TASK DATA »
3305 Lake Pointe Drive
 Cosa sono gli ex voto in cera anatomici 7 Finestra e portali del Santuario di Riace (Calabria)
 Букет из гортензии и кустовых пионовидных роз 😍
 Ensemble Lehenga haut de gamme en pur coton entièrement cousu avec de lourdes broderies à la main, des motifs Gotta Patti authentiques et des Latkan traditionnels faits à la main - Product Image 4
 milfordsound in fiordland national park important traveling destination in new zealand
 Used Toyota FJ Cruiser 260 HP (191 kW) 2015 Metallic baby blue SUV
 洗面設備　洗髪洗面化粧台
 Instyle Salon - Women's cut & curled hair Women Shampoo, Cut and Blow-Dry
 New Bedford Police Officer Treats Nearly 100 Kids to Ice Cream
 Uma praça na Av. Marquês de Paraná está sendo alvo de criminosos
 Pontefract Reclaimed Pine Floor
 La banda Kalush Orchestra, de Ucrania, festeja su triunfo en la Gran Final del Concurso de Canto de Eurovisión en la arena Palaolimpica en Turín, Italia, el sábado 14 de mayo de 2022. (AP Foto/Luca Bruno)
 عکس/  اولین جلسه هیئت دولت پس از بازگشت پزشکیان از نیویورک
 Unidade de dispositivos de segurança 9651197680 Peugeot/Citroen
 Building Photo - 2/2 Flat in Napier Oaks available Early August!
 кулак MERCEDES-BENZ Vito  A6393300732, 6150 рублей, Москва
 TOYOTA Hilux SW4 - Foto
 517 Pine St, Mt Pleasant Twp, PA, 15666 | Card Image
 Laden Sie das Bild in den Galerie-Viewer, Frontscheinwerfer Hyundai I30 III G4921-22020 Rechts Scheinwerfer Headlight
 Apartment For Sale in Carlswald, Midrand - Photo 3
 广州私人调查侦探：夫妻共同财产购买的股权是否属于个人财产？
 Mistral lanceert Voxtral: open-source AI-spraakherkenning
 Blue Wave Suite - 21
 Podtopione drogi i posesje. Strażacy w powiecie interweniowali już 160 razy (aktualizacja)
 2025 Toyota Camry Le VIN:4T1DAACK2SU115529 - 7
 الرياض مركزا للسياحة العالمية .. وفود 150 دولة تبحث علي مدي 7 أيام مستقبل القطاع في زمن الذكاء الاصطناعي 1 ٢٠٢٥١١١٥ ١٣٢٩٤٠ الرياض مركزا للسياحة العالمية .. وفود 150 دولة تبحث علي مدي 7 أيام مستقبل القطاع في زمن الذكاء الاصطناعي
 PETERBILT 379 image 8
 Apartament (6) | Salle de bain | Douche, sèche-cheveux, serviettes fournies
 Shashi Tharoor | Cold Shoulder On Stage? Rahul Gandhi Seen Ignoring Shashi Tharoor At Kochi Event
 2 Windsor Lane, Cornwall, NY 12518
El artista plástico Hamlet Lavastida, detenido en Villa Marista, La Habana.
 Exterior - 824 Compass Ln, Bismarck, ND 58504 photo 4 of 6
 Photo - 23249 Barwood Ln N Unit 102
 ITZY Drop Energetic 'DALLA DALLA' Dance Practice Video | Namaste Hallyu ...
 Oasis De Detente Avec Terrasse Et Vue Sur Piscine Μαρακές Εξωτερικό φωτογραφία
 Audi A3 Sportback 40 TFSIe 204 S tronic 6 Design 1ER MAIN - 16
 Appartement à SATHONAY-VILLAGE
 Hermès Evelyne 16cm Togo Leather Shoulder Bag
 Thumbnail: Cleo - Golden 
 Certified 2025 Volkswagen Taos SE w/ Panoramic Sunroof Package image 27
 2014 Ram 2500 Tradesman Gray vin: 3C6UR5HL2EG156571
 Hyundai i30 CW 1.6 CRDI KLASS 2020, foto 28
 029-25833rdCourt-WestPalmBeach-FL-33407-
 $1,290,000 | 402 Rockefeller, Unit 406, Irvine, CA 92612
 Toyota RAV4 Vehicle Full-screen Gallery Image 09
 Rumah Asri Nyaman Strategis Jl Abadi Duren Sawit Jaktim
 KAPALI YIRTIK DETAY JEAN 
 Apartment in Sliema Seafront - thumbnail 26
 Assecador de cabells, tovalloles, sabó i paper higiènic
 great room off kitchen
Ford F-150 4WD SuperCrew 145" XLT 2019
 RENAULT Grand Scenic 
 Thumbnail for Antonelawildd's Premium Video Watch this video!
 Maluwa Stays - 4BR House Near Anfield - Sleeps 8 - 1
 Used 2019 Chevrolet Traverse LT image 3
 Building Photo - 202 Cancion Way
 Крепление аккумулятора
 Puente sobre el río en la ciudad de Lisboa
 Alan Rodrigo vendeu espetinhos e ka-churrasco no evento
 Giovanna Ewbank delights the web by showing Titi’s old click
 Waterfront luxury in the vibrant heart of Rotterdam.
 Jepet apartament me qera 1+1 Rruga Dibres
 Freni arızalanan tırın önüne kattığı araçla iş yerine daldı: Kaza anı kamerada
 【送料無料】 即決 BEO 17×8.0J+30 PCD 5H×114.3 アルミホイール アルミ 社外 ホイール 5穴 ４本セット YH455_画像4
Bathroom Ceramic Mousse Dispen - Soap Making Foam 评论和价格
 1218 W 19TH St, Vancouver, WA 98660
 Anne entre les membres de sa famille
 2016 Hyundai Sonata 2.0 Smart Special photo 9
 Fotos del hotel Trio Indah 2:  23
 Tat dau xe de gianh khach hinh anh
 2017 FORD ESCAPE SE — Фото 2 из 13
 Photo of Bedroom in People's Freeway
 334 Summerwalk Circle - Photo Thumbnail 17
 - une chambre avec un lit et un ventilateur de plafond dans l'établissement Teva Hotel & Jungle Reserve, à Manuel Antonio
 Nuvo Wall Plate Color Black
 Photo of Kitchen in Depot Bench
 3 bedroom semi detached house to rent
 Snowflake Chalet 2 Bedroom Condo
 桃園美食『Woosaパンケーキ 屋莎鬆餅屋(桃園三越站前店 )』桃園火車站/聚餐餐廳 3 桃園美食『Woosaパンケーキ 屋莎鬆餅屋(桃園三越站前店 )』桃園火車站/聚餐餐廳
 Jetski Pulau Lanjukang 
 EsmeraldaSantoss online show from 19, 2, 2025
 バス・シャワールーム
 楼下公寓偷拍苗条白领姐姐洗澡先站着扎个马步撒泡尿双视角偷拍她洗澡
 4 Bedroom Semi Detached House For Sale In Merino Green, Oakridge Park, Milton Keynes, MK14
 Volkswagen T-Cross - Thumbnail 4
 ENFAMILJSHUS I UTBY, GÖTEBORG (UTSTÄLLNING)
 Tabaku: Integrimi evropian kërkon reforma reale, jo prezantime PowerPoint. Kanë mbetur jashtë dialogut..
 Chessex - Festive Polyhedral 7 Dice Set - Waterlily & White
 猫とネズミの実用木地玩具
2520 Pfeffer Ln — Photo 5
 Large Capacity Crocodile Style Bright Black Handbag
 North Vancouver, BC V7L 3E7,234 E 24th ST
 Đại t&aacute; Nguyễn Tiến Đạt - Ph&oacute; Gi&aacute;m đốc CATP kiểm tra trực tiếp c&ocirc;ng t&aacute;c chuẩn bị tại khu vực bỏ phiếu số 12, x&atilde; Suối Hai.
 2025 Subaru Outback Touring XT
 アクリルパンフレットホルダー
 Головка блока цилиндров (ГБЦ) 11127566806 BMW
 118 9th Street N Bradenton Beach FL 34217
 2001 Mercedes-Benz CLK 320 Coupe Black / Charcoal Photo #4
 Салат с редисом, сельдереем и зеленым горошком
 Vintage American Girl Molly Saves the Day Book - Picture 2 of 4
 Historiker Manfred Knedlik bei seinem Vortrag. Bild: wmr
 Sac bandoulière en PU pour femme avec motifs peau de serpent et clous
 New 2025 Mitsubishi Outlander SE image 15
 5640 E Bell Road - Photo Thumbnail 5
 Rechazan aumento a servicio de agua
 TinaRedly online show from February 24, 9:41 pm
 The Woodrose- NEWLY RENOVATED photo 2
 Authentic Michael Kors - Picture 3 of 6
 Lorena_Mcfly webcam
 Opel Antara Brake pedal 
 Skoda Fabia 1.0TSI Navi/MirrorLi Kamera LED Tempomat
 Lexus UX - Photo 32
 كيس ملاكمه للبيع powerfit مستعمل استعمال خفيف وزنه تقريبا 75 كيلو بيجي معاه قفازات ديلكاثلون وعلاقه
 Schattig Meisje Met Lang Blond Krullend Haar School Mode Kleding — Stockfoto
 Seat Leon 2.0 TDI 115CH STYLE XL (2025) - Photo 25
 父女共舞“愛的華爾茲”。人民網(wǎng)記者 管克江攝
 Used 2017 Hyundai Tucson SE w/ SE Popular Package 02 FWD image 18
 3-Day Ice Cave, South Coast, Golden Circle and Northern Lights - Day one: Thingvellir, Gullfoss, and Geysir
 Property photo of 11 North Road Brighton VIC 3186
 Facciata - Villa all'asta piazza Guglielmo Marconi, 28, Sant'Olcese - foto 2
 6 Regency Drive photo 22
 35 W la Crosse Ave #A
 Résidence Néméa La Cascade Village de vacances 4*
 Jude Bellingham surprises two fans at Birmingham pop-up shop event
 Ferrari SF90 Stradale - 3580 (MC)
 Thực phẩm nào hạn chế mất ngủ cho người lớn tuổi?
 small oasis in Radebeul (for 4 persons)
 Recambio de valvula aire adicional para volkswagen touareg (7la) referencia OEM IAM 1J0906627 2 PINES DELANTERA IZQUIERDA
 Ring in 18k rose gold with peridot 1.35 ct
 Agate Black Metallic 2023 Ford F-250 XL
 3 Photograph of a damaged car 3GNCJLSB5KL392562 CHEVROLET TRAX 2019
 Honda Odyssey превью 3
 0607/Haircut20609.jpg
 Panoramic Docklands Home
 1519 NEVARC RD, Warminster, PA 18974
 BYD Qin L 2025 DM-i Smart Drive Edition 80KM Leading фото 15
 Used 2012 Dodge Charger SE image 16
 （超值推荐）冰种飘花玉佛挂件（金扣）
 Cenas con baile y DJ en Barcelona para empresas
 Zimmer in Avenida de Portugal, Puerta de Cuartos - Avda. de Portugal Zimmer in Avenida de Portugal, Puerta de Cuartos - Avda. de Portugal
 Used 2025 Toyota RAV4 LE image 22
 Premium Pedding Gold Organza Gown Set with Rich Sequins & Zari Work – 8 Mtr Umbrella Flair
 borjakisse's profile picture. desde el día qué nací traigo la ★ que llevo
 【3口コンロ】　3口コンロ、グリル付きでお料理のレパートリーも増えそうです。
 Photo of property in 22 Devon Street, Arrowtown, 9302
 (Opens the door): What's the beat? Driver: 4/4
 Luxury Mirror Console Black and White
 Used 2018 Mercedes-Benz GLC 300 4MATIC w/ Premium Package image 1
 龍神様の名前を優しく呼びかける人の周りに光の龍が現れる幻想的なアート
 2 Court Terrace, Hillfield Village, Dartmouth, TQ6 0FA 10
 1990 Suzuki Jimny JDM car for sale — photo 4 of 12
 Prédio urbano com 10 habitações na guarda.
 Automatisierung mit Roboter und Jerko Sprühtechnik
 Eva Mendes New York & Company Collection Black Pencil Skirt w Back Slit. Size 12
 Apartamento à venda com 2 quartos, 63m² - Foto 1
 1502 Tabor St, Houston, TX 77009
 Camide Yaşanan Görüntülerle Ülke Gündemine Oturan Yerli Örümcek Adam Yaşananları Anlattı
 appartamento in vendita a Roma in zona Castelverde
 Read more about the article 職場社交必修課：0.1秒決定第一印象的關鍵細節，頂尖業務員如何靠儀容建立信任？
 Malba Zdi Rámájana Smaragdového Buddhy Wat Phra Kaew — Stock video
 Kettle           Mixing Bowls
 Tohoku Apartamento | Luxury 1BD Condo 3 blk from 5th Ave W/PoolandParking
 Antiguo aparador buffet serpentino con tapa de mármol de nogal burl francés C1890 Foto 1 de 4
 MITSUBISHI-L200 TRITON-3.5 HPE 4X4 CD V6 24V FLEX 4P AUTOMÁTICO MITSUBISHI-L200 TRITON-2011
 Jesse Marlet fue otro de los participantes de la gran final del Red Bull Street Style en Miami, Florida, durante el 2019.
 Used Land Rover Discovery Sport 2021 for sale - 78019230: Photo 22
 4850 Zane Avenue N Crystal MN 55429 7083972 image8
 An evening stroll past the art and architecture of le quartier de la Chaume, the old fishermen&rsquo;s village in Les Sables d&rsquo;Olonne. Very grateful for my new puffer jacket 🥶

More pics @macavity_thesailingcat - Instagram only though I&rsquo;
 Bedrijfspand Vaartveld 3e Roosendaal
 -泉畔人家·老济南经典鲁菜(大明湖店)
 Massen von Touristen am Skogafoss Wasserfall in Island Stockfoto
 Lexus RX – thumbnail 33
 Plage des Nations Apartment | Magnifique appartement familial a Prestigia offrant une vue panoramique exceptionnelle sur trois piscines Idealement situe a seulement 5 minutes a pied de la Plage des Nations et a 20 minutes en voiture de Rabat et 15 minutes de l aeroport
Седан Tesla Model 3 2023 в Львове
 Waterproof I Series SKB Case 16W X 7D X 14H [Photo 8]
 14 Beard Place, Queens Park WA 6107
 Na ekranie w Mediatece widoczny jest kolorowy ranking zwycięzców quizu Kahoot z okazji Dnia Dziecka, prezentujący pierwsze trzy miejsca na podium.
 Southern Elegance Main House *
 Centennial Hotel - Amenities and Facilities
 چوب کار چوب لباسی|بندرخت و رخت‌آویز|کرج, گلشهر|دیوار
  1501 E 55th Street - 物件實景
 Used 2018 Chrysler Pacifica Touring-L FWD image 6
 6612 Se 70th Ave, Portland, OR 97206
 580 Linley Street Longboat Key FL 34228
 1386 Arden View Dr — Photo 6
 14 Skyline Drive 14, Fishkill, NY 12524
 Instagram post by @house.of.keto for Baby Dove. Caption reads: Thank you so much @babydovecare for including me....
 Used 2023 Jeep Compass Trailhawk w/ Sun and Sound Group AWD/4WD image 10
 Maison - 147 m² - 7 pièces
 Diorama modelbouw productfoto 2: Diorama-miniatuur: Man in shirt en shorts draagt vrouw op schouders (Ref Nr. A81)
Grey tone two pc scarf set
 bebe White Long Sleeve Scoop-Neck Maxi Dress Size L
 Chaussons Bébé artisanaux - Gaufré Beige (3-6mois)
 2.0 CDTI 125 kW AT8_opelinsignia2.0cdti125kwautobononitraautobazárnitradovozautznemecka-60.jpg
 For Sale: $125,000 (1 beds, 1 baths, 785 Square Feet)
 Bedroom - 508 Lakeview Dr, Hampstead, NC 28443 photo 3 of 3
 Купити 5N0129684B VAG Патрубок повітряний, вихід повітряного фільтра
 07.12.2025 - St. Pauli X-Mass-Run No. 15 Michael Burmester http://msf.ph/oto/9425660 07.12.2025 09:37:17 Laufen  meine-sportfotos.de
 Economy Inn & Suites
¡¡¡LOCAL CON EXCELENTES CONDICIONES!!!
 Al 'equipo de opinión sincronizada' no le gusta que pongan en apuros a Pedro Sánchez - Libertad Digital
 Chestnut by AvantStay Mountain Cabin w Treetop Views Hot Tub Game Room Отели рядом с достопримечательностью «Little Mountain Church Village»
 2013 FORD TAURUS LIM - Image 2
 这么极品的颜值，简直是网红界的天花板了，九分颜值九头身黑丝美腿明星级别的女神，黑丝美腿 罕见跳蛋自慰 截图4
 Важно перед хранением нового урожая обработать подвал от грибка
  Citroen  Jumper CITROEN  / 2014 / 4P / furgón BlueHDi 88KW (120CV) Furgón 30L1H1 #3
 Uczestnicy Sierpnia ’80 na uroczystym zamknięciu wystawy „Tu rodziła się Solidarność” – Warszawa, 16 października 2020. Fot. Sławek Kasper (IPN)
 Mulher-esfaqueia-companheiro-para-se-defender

WORK ITEM » In the listing above, find the line containing "Read more about" and the line containing "4850 Zane Avenue", then retype both and every line between them exactly, with nothing else.

RESPONSE AREA »
 Read more about the article 職場社交必修課：0.1秒決定第一印象的關鍵細節，頂尖業務員如何靠儀容建立信任？
 Malba Zdi Rámájana Smaragdového Buddhy Wat Phra Kaew — Stock video
 Kettle           Mixing Bowls
 Tohoku Apartamento | Luxury 1BD Condo 3 blk from 5th Ave W/PoolandParking
 Antiguo aparador buffet serpentino con tapa de mármol de nogal burl francés C1890 Foto 1 de 4
 MITSUBISHI-L200 TRITON-3.5 HPE 4X4 CD V6 24V FLEX 4P AUTOMÁTICO MITSUBISHI-L200 TRITON-2011
 Jesse Marlet fue otro de los participantes de la gran final del Red Bull Street Style en Miami, Florida, durante el 2019.
 Used Land Rover Discovery Sport 2021 for sale - 78019230: Photo 22
 4850 Zane Avenue N Crystal MN 55429 7083972 image8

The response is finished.